The method we are about to discuss is a synopsis of a five step process laid out in a textbook called Grasping God’s Word, by J. Scott Duvall and Daniel J. Hays. The authors encourage us to think of interpreting the Bible as a journey, a journey to understand what God has said. We use a large portion of this textbook here at New Tribes Bible Institute, and have found it to be an invaluable resource to our students as they learn how to read and understand the Bible.
It can be easy to confuse what God’s Word is trying to communicate to us. These five practical steps are tools by which we can minimize this confusion. Each seeks to bring you, as a student of God’s Word, closer to a true interpretation of any given passage.
How To Read and Understand The Bible: Five Steps
Understand what the passage meant to its original readers.
The first step involves asking the question, What did this passage mean to its original audience? It’s not time to be thinking about our current culture, situation, or time in history at this point in the journey. We are thinking only of the people this particular portion of Scripture was initially written to. Who were they? What was their situation? What was the Lord trying to communicate to them, and why? This step is going to require you to put on your investigator’s hat – it will take close observation and most likely some digging into outside resources. Jot down all your notes to help you stay organized and get a clear picture of the original situation!
Grasp the differences between the original readers and us.
Next ask, What are the differences between the original audience and us? This will take some digging. As you research, ask questions like, What was different about their culture in comparison with ours? Are they under the Old Covenant of the Mosaic Law, or are they living in the Church age? Do they play a different role in God’s plan than I do (example: Were they apostles? Were they a prophet? Were they a king?). Keep a list of all the differences between yourself and the audience to get a good view of how big the separation is.
Find the consistent and applicable theology within the passage.
This step is crucial to a correct interpretation of Scripture, but it can also tend to be the most challenging. What you are looking for here is a principle in the passage that overrides time, culture, and people. It should be a truth that is applicable to the original audience and to us.

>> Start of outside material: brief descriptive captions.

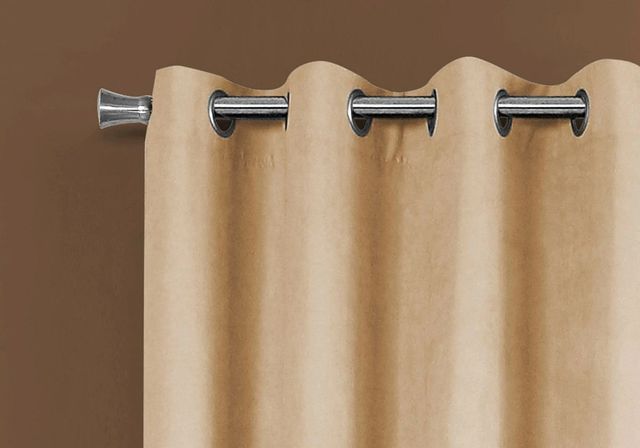 Monarch Specialties Inc. 2-Piece Beige 54" x 95" Room Darkening Curtain Panel Set-4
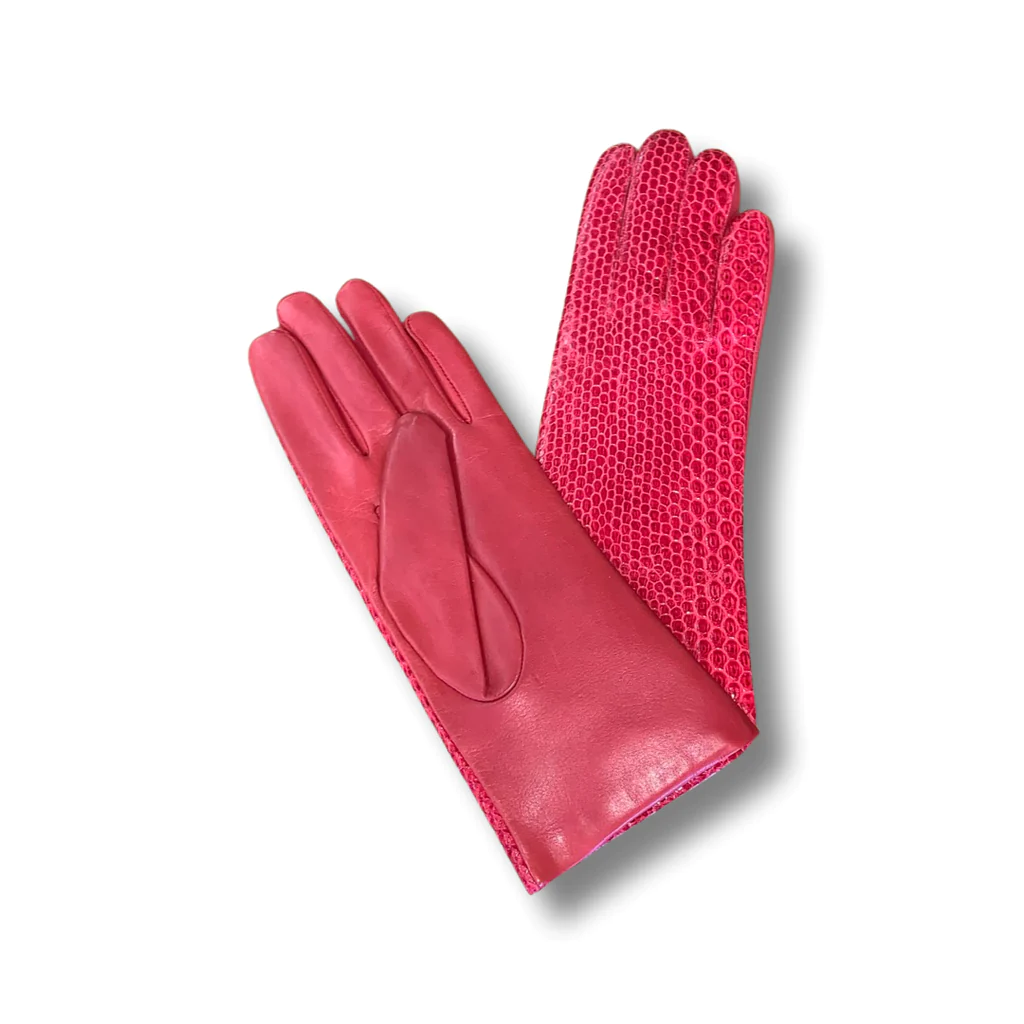 Red leather gloves with a scaled leather on them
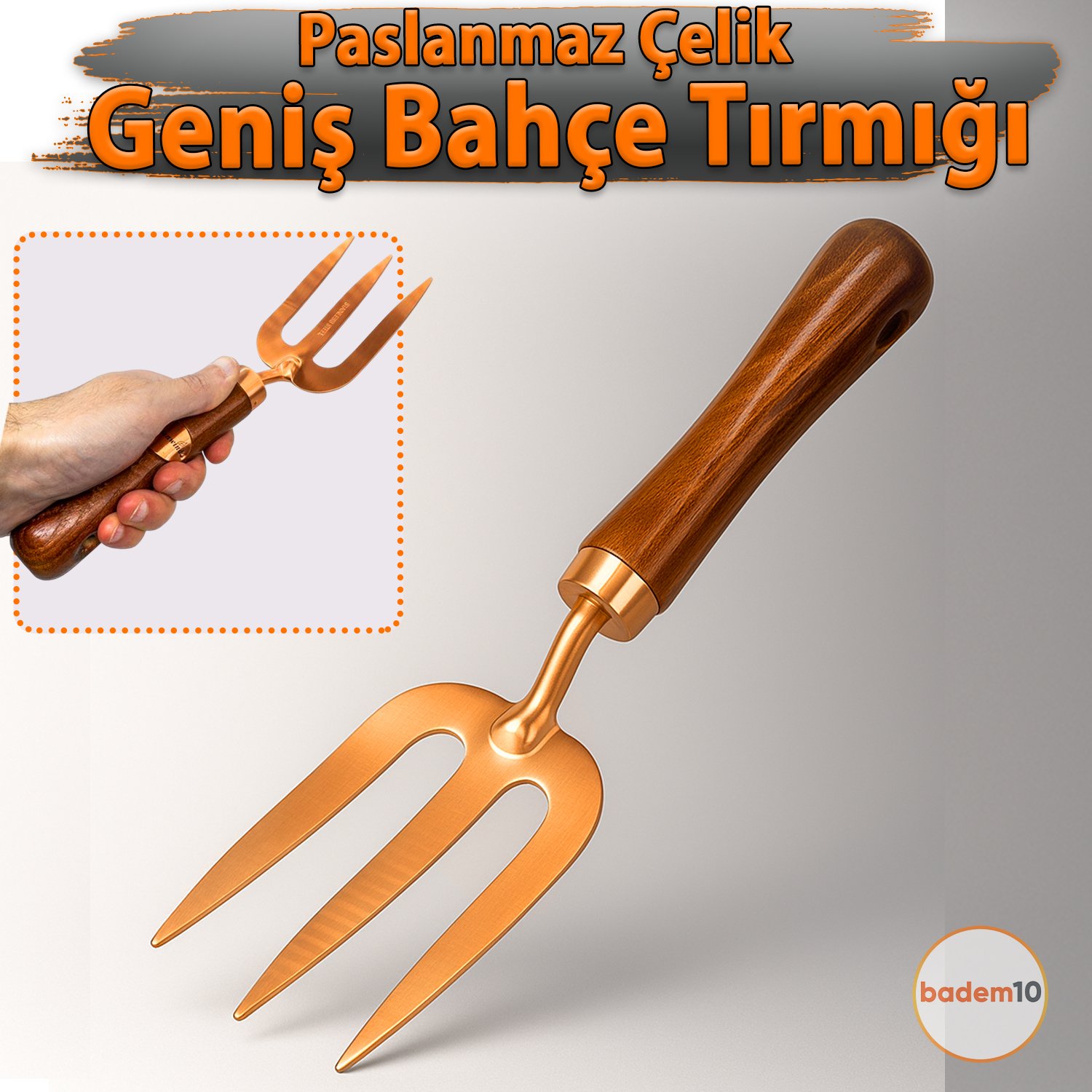 Paslanmaz Çelik Ergonomik Saplı Geniş Bahçe Tırmığı Çapa Tırmık Tarla Çim Peyzaj Bitki Fide Çiçek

God was saying something specific to the original audience in each passage, but universal truths that apply to all are also woven into the passages of Scripture. The more thoroughly you understand what the passage meant to the original readers, and the more you grasp the differences between us and them, the easier it will be to accomplish this third step. When your foundation is concrete, you will more easily be able to pick out the consistent and applicable theology within each passage.
For example, in the first step we referenced Exodus 17. In this passage the Lord commanded Moses to strike a rock in order to get water for the Israelites. We aren’t the Israelites or Moses, and we aren’t literally wandering in the desert suffering from thirst. But we can draw these applicable truths out of the passage:
God provides for the needs of His people.
God is able to provide the needs of His people when it seems there is no way for provision.
God is true to His character, even when His people are wallowing in unbelief.
These are consistent and applicable theologies we can take away from this passage. They will apply to any of God’s people in any time, culture, or situation.
Compare the theology you’ve drawn out of your passage to the rest of Scripture.
Ask yourself, does this principle line up with what the rest of God’s Word? Is it theologically sound from what I know of the rest of the Bible? This system of checks and balances will help prevent you from building a faulty theology. If you get confused on one passage, there are others to help clear up what God is actually trying to communicate. Using a Bible with cross-references may help link you to passages with similar ideas in them so that you can compare your findings. Be sure to run ideas you are unsure about past other believers who also faithfully study the Word!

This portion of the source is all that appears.